The PAMS concert of French music begins with the brief Kyrie of the Franco-Flemish composer of the early Renaissance, Guillaume Dufay, in which one finds an early example of music set to the text of the Mass, with, for us listening with our ears of hindsight, or hindsound, its starkly primitive atmosphere, strange cadences and hollow harmonies.

Then, four centuries later two works of the French Romantic composer Gabriel Faure, two brief choral gems, an Ave Maria and the Cantique on a text of Jean Racine, the 17th century dramatist, both predating Fauré’s famous Requiem, and, as in that wonderful masterpiece, both revealing a sophisticated restraint and a seamless beauty that is characteristic of all his music.

Then on into the 20th century, we find an example of the liturgical music emanating from Taize in Burgundy, where an ecumenical community was founded in 1940. The music was composed mainly by Jacques Berthier, whose style was necessarily simple and yet effective, easily accessible to the many congregants who have gathered there over the decades.

Christopher Cockburn who is one of the leading organists in South Africa has kindly agreed to be the soloist on the organ in the first half of the programme. He will play two movements from Léon Boëllmann's Suite Gothique Op 25 – the Prière à Notre-Dame and Toccata. Cockburn will also accompany the choir in the other works.

Cockburn writes: "Léon Boëllmann was a younger contemporary of Gounod and, like him, lived for most of his life in Paris. Although he composed music in a number of different genres, he is mainly remembered today for his organ music, and particularly the four-movement Suite Gothique which regularly appears on recital programmes around the world. The two movements being played in this programme are strongly contrasting. The Prière à Notre-Dame is a slow, quiet meditation with a serene, song-like melody. The dramatic Toccata  presents a slightly sinister theme in the pedals accompanied by the continual rapid figurations on the keyboard which are characteristic of the French organ toccata as a genre. It begins softly but ends with a powerful statement of the theme using the full resources of the organ."

PAMS Musical Director Nigel Fish has selected for the main work on the programme the Messe Solennelle of the 19th century Paris-born Charles Gounod. One of no less than 16 settings of the Mass that he composed, this one is known as the St Cecilia Mass as it was first performed on St Cecilia's day (November 22) in 1855 - St Cecilia being the patron saint of music and musicians.

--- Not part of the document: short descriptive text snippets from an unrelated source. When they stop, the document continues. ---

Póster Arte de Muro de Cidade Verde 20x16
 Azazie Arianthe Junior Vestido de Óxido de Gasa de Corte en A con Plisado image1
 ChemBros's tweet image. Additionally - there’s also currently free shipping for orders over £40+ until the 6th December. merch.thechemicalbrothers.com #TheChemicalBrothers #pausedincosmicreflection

Establishing Gounod as a major composer of his day, this work is scored for three vocal soloists. Performing this work with the choir will be soprano Annalie Herbst-van Rooyen, tenor Sandile Mabaso and bass Andrew Butler. Its highly persuasive style is by turns gentle, exultant, stirring and yearning - if one listens carefully one can almost smell the incense - and unusually, ending with three rousing prayers: the Church, the Army, the Nation.

The concert will take place on May 21 at 14h30 in the Lutheran Church, Hayfields in Pietermaritzburg. Tickets R100 (R50 students) on sale at the door or available from Pink Heather at the Quarry Shopping Centre in Hilton.